+++ Dataset section
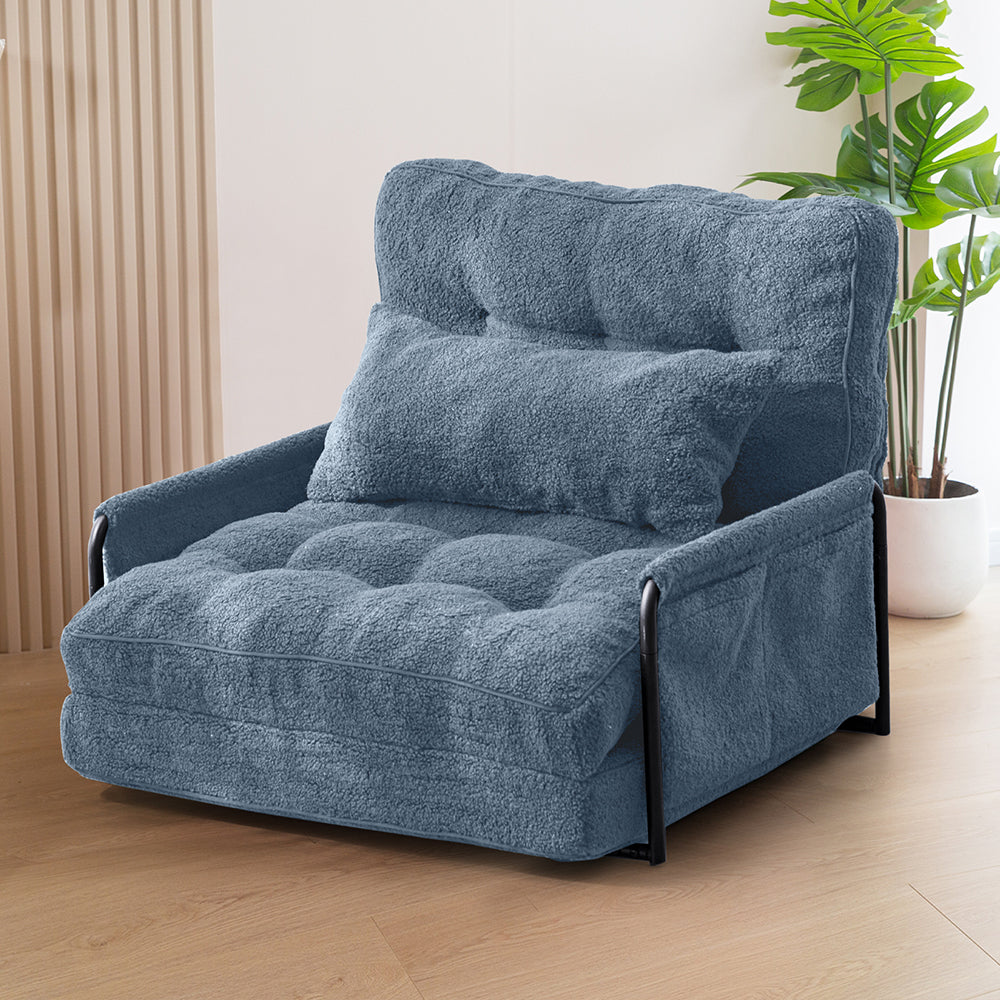 MAXYOYO Adjustable Floor Sofa Couch with Pillow - Boucle Convertible Lazy Sofa Sleeper Bed with Armrest, Single Seat, Dusty Blue - Perfect for Small Spaces, Living Rooms & Guest Beds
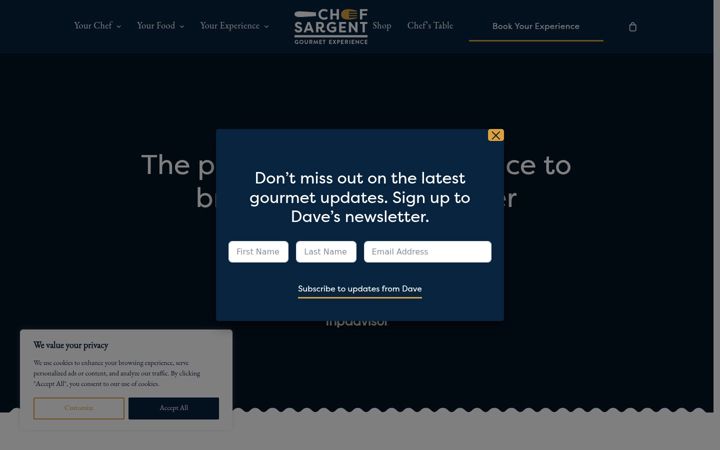 Képernyőkép: chefsargent.co.uk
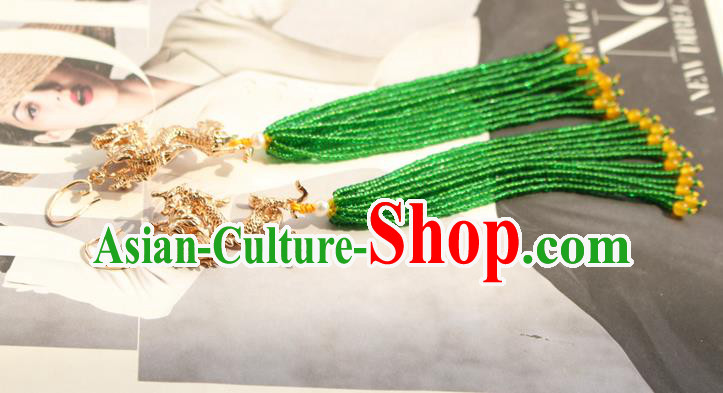 China Classical Cheongsam Golden Dragon Ear Jewelry Handmade National Green Beads Tassel Earrings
++++++
Reproduce precisely the lines of the listing above, from the line containing "Képernyőkép: chefsargent.co.uk" to the last line, both ends included. Pictures are to be omitted.

 Képernyőkép: chefsargent.co.uk
 China Classical Cheongsam Golden Dragon Ear Jewelry Handmade National Green Beads Tassel Earrings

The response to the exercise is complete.